=== GIVEN MATERIAL ===

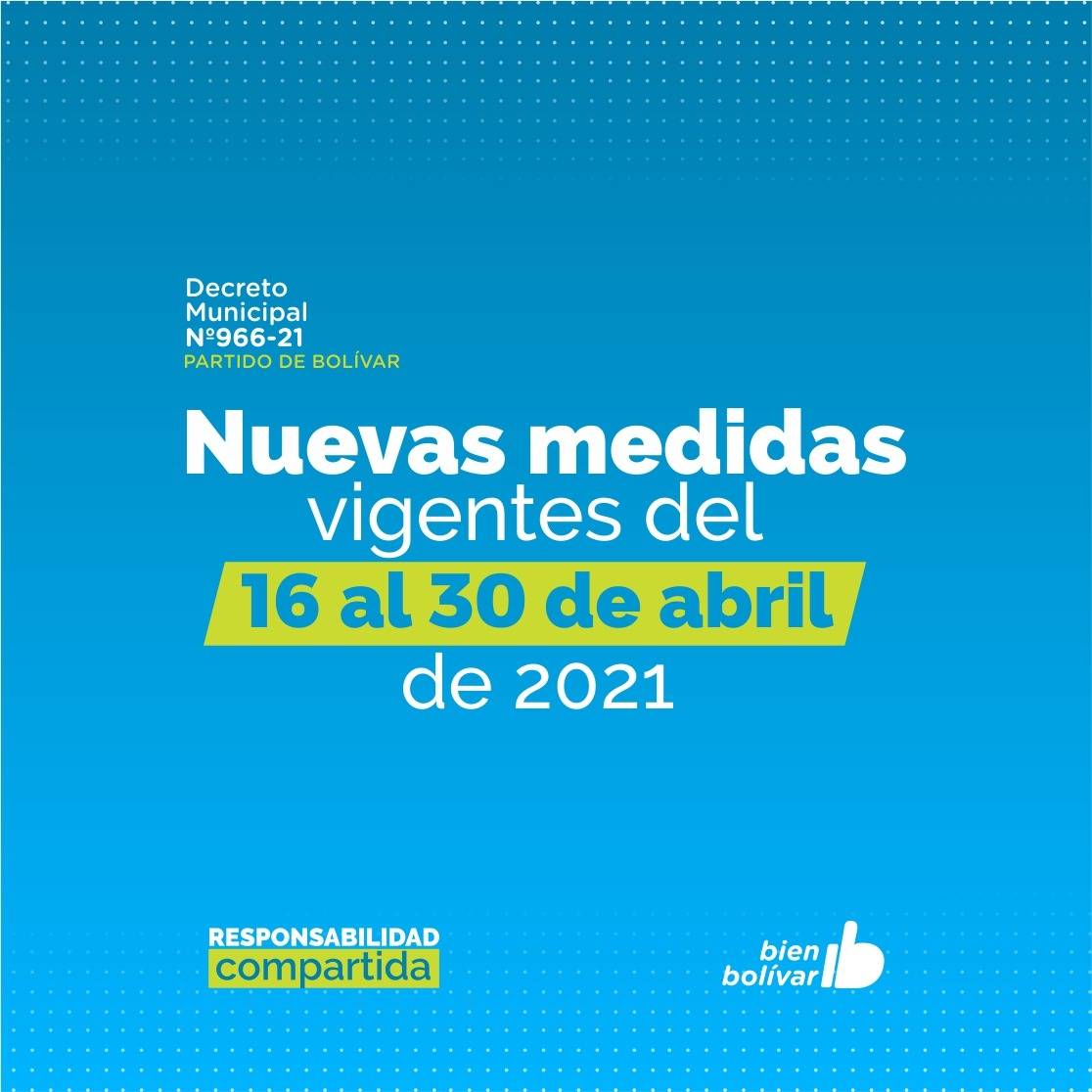 EL PARTIDO DE BOLÍVAR ADHIERE A NUEVAS MEDIDAS SANITARIAS REGIONALES
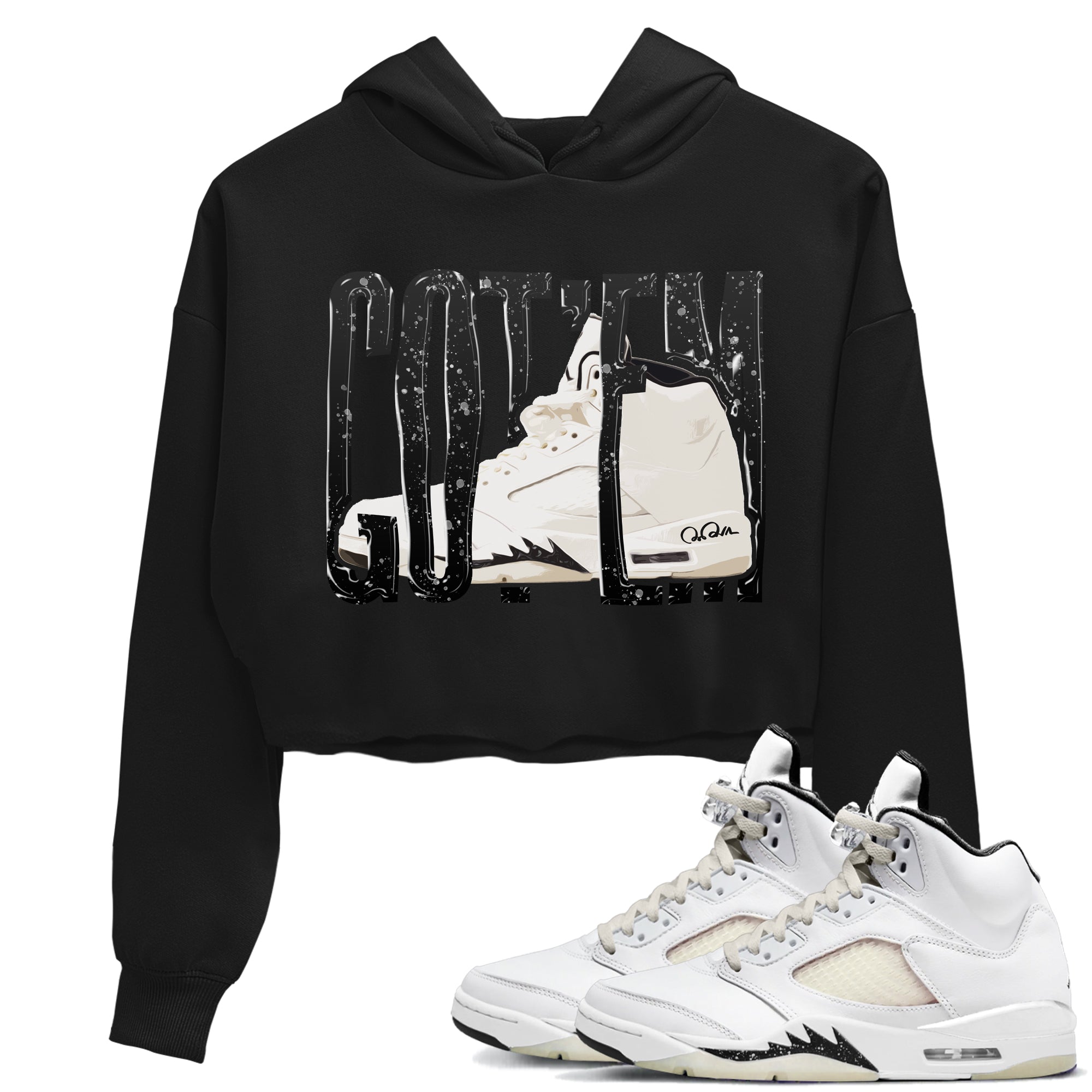 5s Sail shirt to match jordans Wiggling Gotem sneaker tees Air Jordan 5 Sail Drip Gear Zone Black 1 crop length shirt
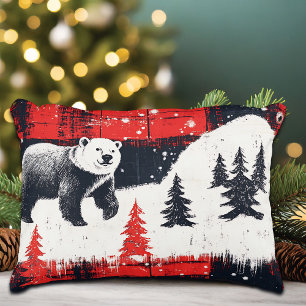 Red Buffalo Plaid Polar Bear Dekokissen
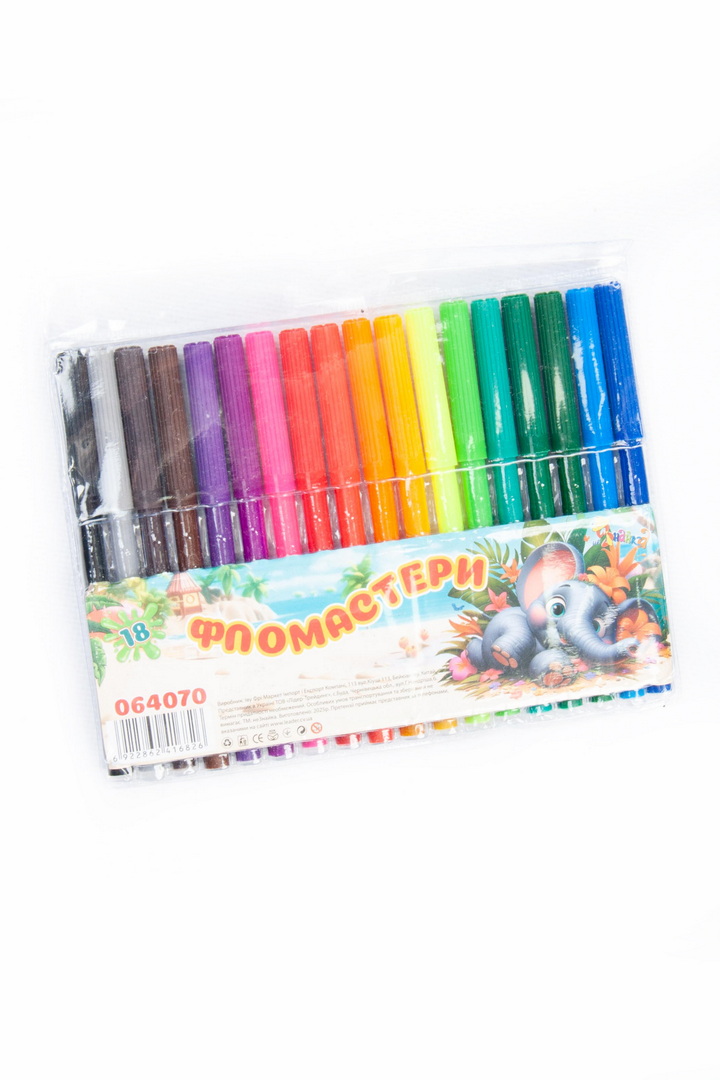 Фломастери 18 кольорів, пластикова упаковка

===

WHAT NEEDS TO BE DONE
The whole listing should be restated word for word, with no pictures.

WRITTEN RESPONSE
 EL PARTIDO DE BOLÍVAR ADHIERE A NUEVAS MEDIDAS SANITARIAS REGIONALES
 5s Sail shirt to match jordans Wiggling Gotem sneaker tees Air Jordan 5 Sail Drip Gear Zone Black 1 crop length shirt
 Red Buffalo Plaid Polar Bear Dekokissen
 Фломастери 18 кольорів, пластикова упаковка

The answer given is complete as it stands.